There have been a plethora of studies indicating that multi-modality treatment for patients with head and neck cancer can often lead to a marked deterioration in their nutritional status. This factor can ultimately have a compounding impact on their clinical outcome(Reference Capra, Ferguson and Ried1, Reference Isenring, Capra and Bauer2). Furthermore, such treatments can lead to as many as 70% of patients incurring further weight loss of ≥5% from the pretreatment weight(Reference Lee, Machtay and Unger3). Early nutritional intervention and ongoing nutritional support is therefore regarded as an important component in treatment outcome and quality of life for this patient group. This factor mandates intense dietetic input that aims to minimise nutritional decline throughout treatment. The aim of the present study was to review the acute impact on nutritional status during treatment in a group of patients with head and neck cancer for whom intense dietetic input is required.
A retrospective study was carried out for twenty randomly-selected patients with head and neck cancer who had a prophylactic feeding tube sited. Demographic details were collated for all patients, together with their tumour staging. Nutritional variables included BMI status and percentage weight loss and these nutritional indicators were reviewed at four intervals throughout treatment: on referral to the dietitian; first week treatment (1st wk tt); last week treatment (last wk tt); 1 month post treatment (1 mth post-tt). All patients were treated with curative intent and had a prophylactic gastrostomy tube sited as part of their treatment plan. There were fourteen males and six females, with a median age of 64 (interquartile range (IQR) 59–69) years. The majority of patients recruited to the study presented with either a T1 (15%) or a T2 (45%) staged tumour. The remainder of patients were diagnosed with advanced tumours (T3, 15%; T4, 25%).

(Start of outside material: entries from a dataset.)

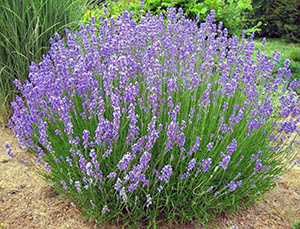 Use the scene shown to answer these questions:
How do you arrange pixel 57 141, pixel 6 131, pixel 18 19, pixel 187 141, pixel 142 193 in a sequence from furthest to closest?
1. pixel 6 131
2. pixel 18 19
3. pixel 57 141
4. pixel 187 141
5. pixel 142 193

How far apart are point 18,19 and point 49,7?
0.45 metres

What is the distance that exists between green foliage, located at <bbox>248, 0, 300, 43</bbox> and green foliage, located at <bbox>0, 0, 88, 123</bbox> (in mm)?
8009

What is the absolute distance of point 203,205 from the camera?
257 cm

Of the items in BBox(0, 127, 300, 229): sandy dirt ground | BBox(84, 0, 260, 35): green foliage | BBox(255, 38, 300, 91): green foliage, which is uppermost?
BBox(84, 0, 260, 35): green foliage

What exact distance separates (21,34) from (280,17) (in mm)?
9806

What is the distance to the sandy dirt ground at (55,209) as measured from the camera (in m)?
2.59

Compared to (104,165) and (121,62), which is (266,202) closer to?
(104,165)

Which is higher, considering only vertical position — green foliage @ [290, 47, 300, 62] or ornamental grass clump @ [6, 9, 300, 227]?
ornamental grass clump @ [6, 9, 300, 227]

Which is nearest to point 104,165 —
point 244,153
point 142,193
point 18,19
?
point 142,193

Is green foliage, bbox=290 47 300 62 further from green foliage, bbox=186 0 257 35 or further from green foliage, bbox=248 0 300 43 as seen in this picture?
green foliage, bbox=248 0 300 43

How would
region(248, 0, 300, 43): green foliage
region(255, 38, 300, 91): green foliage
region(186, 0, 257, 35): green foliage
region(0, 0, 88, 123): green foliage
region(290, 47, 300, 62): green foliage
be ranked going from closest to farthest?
region(0, 0, 88, 123): green foliage, region(186, 0, 257, 35): green foliage, region(255, 38, 300, 91): green foliage, region(290, 47, 300, 62): green foliage, region(248, 0, 300, 43): green foliage

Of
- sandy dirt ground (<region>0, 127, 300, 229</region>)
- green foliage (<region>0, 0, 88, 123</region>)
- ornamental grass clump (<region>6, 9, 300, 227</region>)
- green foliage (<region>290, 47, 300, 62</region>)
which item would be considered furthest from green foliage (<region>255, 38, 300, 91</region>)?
green foliage (<region>0, 0, 88, 123</region>)

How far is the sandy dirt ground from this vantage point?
259cm

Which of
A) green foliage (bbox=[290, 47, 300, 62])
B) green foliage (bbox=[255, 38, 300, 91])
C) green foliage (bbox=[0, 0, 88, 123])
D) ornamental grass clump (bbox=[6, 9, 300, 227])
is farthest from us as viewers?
green foliage (bbox=[290, 47, 300, 62]) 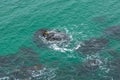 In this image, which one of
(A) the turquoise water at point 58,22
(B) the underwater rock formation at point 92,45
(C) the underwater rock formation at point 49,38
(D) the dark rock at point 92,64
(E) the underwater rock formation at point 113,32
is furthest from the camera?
(E) the underwater rock formation at point 113,32

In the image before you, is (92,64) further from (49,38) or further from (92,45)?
(49,38)

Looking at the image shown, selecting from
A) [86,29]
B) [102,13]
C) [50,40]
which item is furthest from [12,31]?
[102,13]

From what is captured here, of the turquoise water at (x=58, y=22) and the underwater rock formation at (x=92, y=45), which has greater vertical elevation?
the turquoise water at (x=58, y=22)

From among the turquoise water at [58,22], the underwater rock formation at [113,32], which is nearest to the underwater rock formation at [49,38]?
the turquoise water at [58,22]

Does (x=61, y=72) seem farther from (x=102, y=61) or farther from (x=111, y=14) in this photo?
(x=111, y=14)

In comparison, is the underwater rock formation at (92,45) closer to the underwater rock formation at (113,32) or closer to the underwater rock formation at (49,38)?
the underwater rock formation at (113,32) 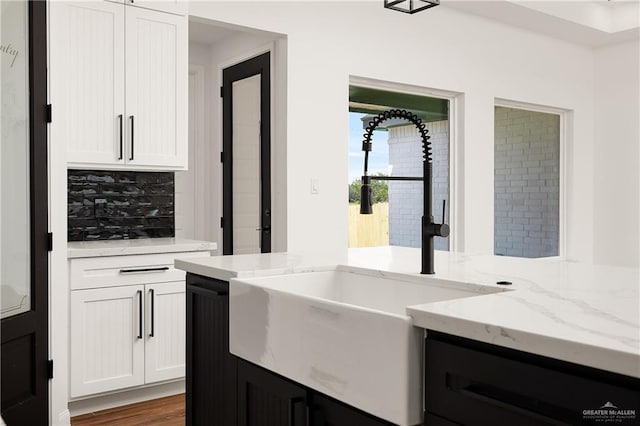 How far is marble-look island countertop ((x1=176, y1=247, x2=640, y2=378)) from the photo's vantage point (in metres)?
0.98

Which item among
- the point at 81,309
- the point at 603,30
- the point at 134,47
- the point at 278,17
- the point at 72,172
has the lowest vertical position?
the point at 81,309

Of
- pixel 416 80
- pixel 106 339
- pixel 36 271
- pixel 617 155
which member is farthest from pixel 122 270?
pixel 617 155

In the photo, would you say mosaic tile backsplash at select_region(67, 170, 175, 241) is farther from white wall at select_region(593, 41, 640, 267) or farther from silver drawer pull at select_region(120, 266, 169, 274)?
white wall at select_region(593, 41, 640, 267)

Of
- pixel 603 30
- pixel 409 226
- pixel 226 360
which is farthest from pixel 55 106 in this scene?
pixel 603 30

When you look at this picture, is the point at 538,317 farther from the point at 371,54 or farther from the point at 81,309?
the point at 371,54

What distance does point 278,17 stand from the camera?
4059 millimetres

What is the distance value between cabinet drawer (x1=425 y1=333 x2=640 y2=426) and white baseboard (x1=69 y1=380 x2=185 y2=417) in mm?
2620

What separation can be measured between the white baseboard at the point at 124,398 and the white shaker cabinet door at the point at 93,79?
130cm

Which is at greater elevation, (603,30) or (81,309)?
(603,30)

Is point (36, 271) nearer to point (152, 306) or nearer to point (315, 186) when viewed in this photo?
point (152, 306)

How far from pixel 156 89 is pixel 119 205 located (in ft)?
3.01

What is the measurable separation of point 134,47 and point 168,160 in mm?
678

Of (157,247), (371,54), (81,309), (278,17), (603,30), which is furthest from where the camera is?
(603,30)

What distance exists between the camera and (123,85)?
11.3ft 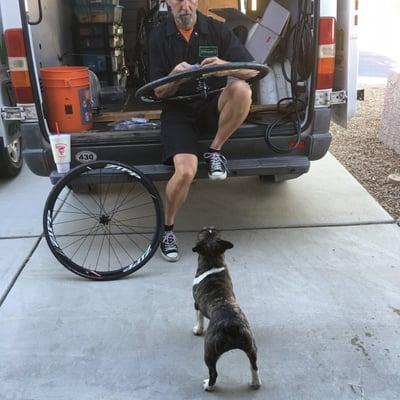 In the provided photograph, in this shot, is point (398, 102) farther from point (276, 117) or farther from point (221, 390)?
point (221, 390)

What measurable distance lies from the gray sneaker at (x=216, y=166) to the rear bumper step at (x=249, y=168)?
7 centimetres

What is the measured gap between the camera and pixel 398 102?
19.4 feet

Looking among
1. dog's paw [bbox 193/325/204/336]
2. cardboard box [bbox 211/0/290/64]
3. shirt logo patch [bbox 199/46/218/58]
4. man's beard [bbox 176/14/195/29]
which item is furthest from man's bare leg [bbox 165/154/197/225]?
cardboard box [bbox 211/0/290/64]

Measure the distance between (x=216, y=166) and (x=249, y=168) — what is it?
25 cm

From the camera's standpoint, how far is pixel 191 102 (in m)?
3.64

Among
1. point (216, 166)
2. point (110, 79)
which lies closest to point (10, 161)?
point (110, 79)

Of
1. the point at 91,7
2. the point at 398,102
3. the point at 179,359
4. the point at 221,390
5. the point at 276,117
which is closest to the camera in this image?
the point at 221,390

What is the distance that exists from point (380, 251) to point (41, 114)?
2.49 metres

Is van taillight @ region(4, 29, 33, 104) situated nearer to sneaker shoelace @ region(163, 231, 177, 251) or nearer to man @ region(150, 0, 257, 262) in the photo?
man @ region(150, 0, 257, 262)

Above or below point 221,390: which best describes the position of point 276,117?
above

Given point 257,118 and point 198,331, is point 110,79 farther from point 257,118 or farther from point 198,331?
point 198,331

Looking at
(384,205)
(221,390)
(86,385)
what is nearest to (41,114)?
(86,385)

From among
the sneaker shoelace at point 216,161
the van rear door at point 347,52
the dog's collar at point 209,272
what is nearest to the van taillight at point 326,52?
the van rear door at point 347,52

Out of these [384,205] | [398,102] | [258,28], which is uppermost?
[258,28] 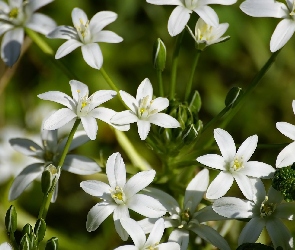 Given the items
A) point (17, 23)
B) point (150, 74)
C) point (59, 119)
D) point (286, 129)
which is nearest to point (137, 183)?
point (59, 119)

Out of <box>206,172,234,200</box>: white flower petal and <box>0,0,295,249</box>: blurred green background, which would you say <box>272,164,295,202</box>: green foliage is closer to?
<box>206,172,234,200</box>: white flower petal

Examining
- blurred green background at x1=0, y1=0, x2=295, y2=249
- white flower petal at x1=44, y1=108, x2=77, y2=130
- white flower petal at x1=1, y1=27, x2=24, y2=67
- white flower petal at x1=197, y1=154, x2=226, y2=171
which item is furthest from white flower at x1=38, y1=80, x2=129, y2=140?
blurred green background at x1=0, y1=0, x2=295, y2=249

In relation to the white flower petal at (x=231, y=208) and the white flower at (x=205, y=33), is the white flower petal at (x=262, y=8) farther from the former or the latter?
the white flower petal at (x=231, y=208)

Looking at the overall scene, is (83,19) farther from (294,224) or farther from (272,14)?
(294,224)

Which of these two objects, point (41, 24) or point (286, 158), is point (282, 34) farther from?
point (41, 24)

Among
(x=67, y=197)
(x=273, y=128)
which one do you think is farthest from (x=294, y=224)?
(x=67, y=197)

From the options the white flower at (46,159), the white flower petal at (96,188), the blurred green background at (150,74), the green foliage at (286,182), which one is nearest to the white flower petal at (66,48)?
the white flower at (46,159)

The present study focused on the acute impact of multi-modality treatment on nutritional status following prophylactic gastrostomy insertion. Evidence indicates that this patient group will incur some weight loss; therefore, the main aim of dietetic intervention on referral to the dietitian was to minimise weight loss during treatment. It is evident that there was minimal impact on BMI and percentage weight loss (−0.4 kg/m2 and −1 respectively) from referral to the dietitian to 1st wk tt (Table). As expected there was a greater reduction in BMI and percentage weight loss between the 1st wk tt and last wk tt (−0.6 kg/m2 and −3.7 respectively). This result is comparable with those of recent studies between these treatment points(Reference Wiggenraad, Flierman and Goossens4, Reference Mackenzie5) and, overall, the percentage weight loss incurred was not clinically significant(Reference Todorovic and Micklewright6). Both BMI (Figure) and percentage weight loss plateaued from last wk tt to 1 mth post tt.
As anticipated, the largest impact on nutritional status observed in the current study was during treatment, but this effect was not clinically significant; it is probably due to prophylactic gastrostomy placement before commencement of treatment, together with established nutritional care pathways and intense dietetic input.